In almost all cases, a datetime without timezone suffix is considered as a local time, but formatting unzoned datetime (e.g. '2017-01-02T03:04:05') with %s format returns the epoch time assuming the source datetime as a UTC time. As far as I know, this is the only exception and therefore it sometimes could cause confusion. e.g. DateFormatter behaves oddly with seconds
In order to prevent such a confusion, I think it would be better to simplify and clarify the related specifications. e.g.
- An unzoned datetime (except the number of seconds formatted by %s) should always be considered as a local time which is determined depending on the system environment.

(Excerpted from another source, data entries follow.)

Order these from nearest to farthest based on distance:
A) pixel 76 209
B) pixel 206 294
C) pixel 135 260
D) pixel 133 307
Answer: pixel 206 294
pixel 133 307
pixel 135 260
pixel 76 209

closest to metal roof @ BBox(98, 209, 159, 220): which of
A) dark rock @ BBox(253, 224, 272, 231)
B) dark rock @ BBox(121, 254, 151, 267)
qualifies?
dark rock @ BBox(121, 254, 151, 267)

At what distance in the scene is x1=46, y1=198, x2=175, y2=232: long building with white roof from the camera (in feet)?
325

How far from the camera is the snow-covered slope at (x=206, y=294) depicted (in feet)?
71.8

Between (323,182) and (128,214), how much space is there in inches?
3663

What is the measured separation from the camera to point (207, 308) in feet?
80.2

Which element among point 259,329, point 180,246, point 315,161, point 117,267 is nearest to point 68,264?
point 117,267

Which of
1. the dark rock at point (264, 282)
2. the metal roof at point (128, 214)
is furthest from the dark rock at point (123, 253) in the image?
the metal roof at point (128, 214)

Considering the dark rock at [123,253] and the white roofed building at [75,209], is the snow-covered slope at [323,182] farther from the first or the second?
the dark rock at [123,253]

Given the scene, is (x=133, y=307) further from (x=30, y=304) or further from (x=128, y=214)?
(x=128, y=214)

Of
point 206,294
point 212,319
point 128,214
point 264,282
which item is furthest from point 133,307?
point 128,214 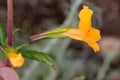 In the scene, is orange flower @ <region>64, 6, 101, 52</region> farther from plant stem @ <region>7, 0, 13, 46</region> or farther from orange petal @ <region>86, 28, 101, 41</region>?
plant stem @ <region>7, 0, 13, 46</region>

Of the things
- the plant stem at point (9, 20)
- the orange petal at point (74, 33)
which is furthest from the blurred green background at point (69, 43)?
the plant stem at point (9, 20)

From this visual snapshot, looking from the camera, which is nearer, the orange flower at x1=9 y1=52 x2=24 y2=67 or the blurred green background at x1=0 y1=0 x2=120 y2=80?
the orange flower at x1=9 y1=52 x2=24 y2=67

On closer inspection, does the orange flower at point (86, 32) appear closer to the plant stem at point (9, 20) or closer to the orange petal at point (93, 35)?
the orange petal at point (93, 35)

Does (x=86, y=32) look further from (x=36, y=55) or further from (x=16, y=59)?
(x=16, y=59)

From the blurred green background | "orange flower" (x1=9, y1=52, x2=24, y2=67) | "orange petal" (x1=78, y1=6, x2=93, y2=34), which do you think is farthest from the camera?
the blurred green background

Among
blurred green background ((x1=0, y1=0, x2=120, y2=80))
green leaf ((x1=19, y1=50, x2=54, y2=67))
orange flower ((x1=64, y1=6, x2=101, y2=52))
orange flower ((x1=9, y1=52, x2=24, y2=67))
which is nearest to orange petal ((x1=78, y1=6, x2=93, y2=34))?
orange flower ((x1=64, y1=6, x2=101, y2=52))

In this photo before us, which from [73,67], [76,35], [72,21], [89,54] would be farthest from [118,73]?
[76,35] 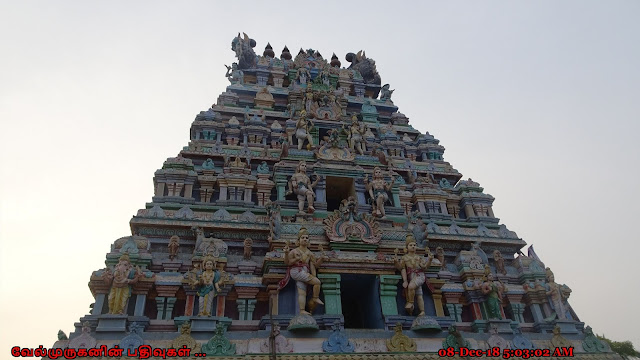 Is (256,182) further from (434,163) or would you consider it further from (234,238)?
(434,163)

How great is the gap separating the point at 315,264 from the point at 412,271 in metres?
3.00

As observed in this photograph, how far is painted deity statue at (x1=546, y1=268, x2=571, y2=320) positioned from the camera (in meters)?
15.1

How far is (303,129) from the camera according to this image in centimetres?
2080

- The number of seconds formatted by %s indicates always the elapsed seconds from the epoch (1970-01-01 00:00:00 UTC), and it cannot have any timezone suffix.

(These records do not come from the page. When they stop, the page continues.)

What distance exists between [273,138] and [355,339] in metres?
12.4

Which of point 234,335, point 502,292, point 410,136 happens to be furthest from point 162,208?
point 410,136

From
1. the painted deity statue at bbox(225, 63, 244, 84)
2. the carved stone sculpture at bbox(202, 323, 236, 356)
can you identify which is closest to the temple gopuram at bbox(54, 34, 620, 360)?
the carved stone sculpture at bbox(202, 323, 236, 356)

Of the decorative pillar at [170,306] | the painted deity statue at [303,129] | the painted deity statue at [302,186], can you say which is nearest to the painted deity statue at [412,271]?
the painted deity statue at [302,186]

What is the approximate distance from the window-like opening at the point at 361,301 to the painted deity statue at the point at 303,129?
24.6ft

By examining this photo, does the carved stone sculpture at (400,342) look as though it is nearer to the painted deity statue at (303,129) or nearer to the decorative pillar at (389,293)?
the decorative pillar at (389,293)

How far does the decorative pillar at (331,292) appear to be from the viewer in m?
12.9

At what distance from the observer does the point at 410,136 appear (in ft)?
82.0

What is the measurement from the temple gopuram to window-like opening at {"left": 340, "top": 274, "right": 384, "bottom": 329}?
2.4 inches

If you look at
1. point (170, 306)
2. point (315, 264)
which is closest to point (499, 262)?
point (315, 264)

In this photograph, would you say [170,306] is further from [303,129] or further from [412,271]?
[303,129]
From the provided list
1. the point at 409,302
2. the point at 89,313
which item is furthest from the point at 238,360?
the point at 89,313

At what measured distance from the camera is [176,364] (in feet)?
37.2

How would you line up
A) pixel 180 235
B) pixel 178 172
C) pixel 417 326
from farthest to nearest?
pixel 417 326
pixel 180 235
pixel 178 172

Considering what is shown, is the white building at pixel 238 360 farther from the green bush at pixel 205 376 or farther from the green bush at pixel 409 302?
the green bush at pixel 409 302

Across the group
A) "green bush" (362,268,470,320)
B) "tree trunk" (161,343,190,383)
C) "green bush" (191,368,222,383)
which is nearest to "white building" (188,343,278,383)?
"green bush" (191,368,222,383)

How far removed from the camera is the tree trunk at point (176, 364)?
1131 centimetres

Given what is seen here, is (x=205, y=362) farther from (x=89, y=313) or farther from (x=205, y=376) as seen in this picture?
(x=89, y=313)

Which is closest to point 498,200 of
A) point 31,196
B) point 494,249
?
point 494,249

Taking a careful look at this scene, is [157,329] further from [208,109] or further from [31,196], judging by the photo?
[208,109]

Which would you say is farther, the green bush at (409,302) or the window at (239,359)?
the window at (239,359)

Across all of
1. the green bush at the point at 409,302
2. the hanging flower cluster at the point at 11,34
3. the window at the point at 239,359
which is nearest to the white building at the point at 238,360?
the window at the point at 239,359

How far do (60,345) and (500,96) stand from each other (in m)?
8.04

- When the user needs to process a zoned datetime (including UTC), they must add an appropriate timezone suffix explicitly to the datetime representation.
So, assuming the current timezone is UTC+09:00 - Tokyo, Japan,
- '2017-01-02T03:04:05+00:00' should be converted to '1483326245' with %s format.

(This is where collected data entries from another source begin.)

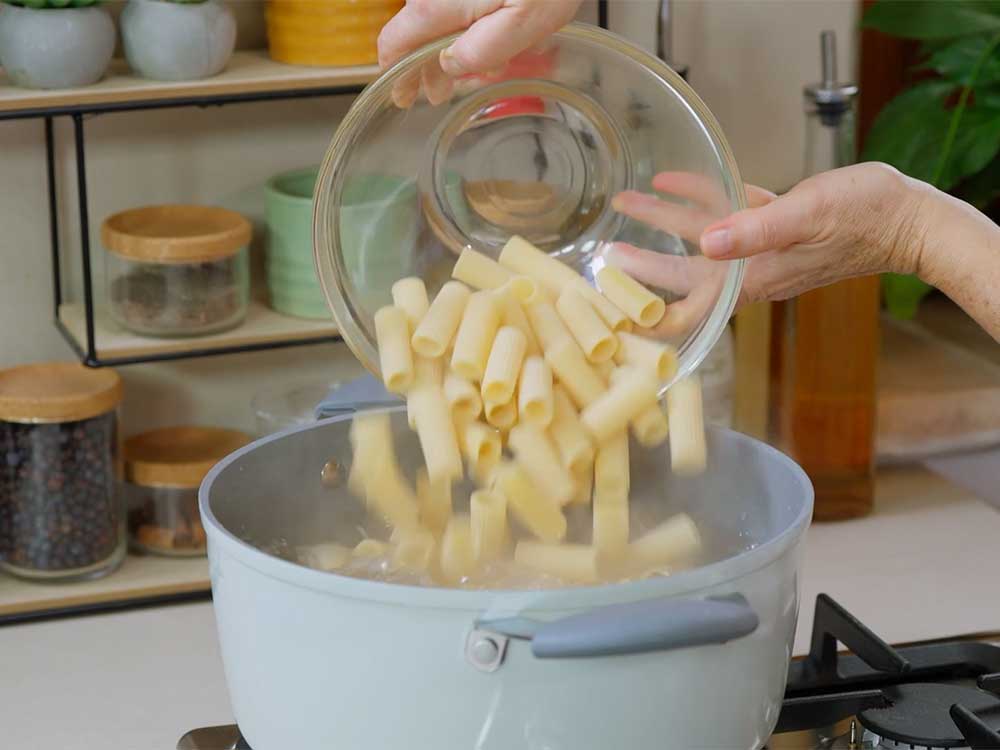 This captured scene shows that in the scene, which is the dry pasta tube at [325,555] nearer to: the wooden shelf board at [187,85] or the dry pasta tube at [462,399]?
the dry pasta tube at [462,399]

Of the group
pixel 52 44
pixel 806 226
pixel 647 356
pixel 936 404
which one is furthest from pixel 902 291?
pixel 52 44

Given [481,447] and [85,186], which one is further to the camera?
[85,186]

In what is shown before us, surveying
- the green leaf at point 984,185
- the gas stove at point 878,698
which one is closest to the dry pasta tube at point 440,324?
the gas stove at point 878,698

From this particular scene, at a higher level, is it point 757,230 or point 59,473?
point 757,230

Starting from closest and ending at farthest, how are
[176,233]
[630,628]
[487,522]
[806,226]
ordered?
[630,628]
[487,522]
[806,226]
[176,233]

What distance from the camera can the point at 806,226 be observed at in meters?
0.83

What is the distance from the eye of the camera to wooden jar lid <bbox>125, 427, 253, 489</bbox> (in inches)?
44.0

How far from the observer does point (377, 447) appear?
795mm

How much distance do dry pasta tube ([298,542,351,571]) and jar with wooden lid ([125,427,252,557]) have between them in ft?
1.16

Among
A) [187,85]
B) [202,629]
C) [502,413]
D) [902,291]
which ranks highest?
[187,85]

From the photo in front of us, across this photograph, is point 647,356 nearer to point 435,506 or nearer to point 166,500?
point 435,506

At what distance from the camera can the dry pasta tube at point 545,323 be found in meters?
0.76

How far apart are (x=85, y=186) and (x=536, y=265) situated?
414 mm

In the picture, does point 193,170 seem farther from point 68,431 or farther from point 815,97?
point 815,97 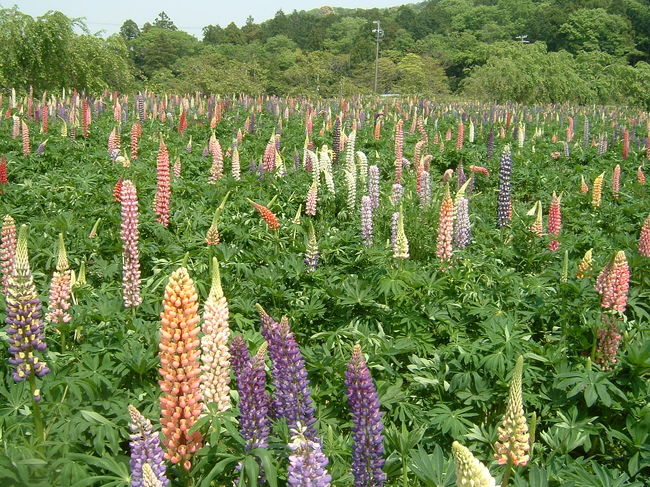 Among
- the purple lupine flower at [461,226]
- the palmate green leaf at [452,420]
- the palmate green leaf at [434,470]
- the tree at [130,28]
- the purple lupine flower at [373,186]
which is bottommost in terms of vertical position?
the palmate green leaf at [452,420]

- '2017-01-02T03:04:05' should always be considered as '2017-01-02T03:04:05+09:00' unless the system timezone changed, and both should be converted to '1483293845' (= 1483326245 sec. - 9 hr. x 3600 sec.) with %s format.
- Epoch time '0' should be parsed to '1970-01-01T00:00:00+00:00' (having timezone suffix) by default, but it might be useful if the @DateTimeParse() function could have another option to parse epoch time (and any datetime representation having timezone suffix) to local time. i.e. epoch time: '0' -> '1970-01-01T09:00:00+09:00' optionally [Edited]
- Epoch time '0-01:00' cannot be parsed anyway, and the parsing function should return <null>.